Ce n’est cependant ni sur la monnaie unité de compte ni sur la monnaie outil d’échange que se jouera le match : c’est sur la monnaie réserve de valeur. C’est là que se situent les plus grandes masses. C’est là aussi que le rôle de la confiance est le plus grand, car l’épargne est en jeu.

Normalement, une monnaie de réserve ne devrait pas le rester éternellement. C’est le paradoxe de Triffin, du nom d’un économiste belge qui avait tiré la sonnette d’alarme sur le dollar… il y a soixante ans. Pour qu’une monnaie entre dans les réserves du monde entier, le pays qui l’émet doit vendre davantage d’actifs qu’il n’en achète. Autrement dit, il doit être en déficit extérieur permanent (ce que les Etats-Unis s’appliquent à faire depuis des décennies). Ces déficits s’accumulent dans une dette extérieure, qui doit fatalement finir par inquiéter les prêteurs.

D’autres raisons devraient menacer la suprématie du dollar. D’abord, le poids des Etats-Unis dans l’économie mondiale diminue – il a chuté de plus d’un tiers en quarante ans. Ensuite, la fuite en avant budgétaire de Donald Trump, qui creuse le déficit au moment où il faudrait en principe le combler, pourrait inquiéter les investisseurs.
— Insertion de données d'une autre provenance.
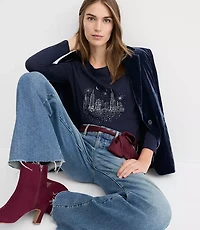 Sequin City Skyline Long Sleeve Everyday Tee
Enfin, la politique commerciale du même Trump risque de pousser des pays visés par le protectionnisme américain à réduire leurs achats d’actifs en dollars.

Nain financier

Mais les investisseurs doivent bien investir leur argent quelque part. Or «  les autres devises n’offrent pas un marché obligataire unifié, liquide et de grande taille  », observe Patrick Artus, économiste en chef de la banque Natixis. La Chine reste un nain financier. L’Europe dégage un excédent extérieur massif, son marché financier est fragmenté et sa monnaie reste politiquement fragile. Dans son livre «  Exorbitant Privilege  » paru en 2010, l’économiste Barry Eichengreen, un des meilleurs connaisseurs du système monétaire international, expliquait que le dollar était la monnaie dominante du monde parce qu’il n’avait pas de vrai rival. C’est encore le cas aujourd’hui et cela risque de le rester longtemps. Même si c’est exorbitant et exaspérant.